The Country Girl has a rather musty feel given its production date but it is an interesting-enough failure. Firstly, and positively, because the play by Clifford Odets on which it is based has some dramatic potential, and secondly, and more negatively, because it is such an unusual genre-melding work, part weepie, part romance, part back-stage musical (with songs by Harold Arlen and Ira Gershwin).

Bing Crosby plays a once-headlining Broadway star, Frank Elgin, who has taken to drink because of personal tragedy. He’s given a chance at a come-back by stage director, Bernie Dodd (William Holden), who believes that Frank’s wife, Georgie (Grace Kelly), rather than the bottle, is holding him down. Crosby has a shot at high-end acting (he received an Oscar nomination for his effort) but is much more in form when he’s singing. Kelly won the Best Actress Oscar for her role as the long-suffering wife (and the title's girl from the country), although this is largely because she goes through most of the film trying to look dowdy (although she does get to glam up in the final section of the film) rather than for any notable dramatic performance . Only William Holden sticks to his familiar tough-guy persona, providing a typically solid base for his oddly-cast or perhaps simply mis-cast co-leads.

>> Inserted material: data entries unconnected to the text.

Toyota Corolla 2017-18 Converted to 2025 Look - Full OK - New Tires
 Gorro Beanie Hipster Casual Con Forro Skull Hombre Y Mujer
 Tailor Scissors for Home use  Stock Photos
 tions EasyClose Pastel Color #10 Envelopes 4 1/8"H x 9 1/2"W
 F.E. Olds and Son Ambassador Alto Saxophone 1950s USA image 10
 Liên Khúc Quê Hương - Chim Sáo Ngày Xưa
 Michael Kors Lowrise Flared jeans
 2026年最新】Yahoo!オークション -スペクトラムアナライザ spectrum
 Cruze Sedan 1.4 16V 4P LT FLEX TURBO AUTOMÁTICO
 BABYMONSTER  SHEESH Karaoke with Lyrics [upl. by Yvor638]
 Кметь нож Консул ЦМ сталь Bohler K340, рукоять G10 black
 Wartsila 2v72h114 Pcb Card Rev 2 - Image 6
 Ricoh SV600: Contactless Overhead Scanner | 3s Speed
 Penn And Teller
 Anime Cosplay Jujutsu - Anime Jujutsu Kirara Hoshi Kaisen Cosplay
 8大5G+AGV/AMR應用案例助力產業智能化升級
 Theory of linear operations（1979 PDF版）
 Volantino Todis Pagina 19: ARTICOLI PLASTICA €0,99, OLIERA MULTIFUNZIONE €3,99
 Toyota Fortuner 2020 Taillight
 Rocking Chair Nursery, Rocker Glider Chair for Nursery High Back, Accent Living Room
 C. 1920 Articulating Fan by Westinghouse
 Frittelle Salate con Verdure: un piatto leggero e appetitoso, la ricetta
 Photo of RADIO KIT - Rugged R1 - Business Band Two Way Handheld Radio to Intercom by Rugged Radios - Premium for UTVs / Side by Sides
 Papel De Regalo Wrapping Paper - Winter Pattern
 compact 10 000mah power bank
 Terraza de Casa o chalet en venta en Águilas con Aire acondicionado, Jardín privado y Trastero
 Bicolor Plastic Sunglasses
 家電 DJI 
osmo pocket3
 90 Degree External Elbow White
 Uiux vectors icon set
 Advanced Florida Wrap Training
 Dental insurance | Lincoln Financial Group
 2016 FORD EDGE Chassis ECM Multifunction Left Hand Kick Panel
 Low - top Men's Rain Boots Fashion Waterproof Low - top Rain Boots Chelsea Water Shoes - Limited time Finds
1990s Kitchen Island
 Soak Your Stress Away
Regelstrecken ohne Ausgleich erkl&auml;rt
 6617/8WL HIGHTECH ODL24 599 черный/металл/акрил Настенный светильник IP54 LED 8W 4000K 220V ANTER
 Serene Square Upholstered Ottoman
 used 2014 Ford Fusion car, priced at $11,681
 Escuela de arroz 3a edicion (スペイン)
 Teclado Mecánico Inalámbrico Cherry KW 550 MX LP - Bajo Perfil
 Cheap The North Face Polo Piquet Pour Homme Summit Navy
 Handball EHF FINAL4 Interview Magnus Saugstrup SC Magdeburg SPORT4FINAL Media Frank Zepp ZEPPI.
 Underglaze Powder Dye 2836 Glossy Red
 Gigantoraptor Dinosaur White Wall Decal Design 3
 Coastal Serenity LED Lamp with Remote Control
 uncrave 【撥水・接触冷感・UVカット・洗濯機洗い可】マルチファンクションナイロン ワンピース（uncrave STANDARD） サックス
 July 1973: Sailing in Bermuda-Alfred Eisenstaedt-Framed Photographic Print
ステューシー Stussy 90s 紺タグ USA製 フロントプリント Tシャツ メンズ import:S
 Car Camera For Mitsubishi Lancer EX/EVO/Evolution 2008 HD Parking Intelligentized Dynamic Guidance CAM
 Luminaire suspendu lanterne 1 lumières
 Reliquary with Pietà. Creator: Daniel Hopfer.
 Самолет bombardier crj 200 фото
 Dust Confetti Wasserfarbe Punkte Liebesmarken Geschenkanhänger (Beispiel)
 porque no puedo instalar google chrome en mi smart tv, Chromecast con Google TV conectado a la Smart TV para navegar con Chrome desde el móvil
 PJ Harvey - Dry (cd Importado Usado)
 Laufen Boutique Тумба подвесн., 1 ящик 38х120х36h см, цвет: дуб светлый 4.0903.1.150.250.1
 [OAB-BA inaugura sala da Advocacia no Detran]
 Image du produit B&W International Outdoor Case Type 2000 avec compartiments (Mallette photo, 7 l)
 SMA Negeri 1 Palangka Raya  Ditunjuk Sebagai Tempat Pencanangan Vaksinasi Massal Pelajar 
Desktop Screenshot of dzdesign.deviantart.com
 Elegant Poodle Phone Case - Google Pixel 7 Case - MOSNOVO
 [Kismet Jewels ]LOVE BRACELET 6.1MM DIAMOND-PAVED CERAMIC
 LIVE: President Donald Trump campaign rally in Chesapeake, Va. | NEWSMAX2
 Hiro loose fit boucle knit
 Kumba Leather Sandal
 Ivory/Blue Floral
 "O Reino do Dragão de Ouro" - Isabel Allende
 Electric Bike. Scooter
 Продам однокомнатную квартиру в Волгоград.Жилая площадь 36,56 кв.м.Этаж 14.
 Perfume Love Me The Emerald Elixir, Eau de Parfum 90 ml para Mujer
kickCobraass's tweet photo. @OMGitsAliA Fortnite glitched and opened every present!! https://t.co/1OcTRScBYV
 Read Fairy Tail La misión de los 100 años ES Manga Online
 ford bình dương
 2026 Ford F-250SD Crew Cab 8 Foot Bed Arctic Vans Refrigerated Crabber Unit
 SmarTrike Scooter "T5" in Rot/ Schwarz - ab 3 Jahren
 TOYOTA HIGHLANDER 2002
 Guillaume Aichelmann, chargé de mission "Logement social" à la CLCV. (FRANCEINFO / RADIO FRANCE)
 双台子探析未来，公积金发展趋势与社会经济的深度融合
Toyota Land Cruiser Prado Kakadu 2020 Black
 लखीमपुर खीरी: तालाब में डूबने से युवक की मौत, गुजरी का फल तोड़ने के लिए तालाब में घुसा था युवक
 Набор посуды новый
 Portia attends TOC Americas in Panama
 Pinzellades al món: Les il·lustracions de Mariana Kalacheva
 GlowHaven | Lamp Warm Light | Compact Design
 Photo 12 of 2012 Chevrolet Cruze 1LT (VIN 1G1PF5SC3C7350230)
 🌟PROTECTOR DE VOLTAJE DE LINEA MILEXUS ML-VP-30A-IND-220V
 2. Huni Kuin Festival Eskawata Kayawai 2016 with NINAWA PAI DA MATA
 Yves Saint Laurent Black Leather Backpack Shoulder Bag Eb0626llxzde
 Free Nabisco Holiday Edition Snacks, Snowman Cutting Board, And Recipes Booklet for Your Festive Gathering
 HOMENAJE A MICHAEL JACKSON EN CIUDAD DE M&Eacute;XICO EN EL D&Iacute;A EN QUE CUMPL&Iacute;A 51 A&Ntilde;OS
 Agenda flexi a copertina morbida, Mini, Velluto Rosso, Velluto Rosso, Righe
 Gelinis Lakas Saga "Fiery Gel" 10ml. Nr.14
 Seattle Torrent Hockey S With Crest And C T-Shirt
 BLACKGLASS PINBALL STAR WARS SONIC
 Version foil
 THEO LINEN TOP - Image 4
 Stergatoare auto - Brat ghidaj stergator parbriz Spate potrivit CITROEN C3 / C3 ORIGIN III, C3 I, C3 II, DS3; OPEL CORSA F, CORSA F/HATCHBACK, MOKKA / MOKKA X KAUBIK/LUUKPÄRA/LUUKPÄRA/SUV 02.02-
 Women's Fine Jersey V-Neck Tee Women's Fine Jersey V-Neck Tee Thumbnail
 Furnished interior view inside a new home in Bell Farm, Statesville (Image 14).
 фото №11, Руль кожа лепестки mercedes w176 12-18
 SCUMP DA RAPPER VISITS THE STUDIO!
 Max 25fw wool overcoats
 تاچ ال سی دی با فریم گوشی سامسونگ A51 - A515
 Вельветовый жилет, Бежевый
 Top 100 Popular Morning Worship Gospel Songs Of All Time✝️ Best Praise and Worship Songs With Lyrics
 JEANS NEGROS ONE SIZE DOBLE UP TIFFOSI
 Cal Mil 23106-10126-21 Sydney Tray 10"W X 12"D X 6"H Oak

Seaton doesn’t do anything of interest with the material which tends to be slow and slightly re-iterative in revealing the relationship between Frank and Georgie before suddenly veering into romantic territory as Bernie is apparently turned on by his battles with Georgie. That this development seems so out-of-the-blue is indicative enough of the problems that the film has in establishing both the right narrative tone or emotional dynamics between the main characters.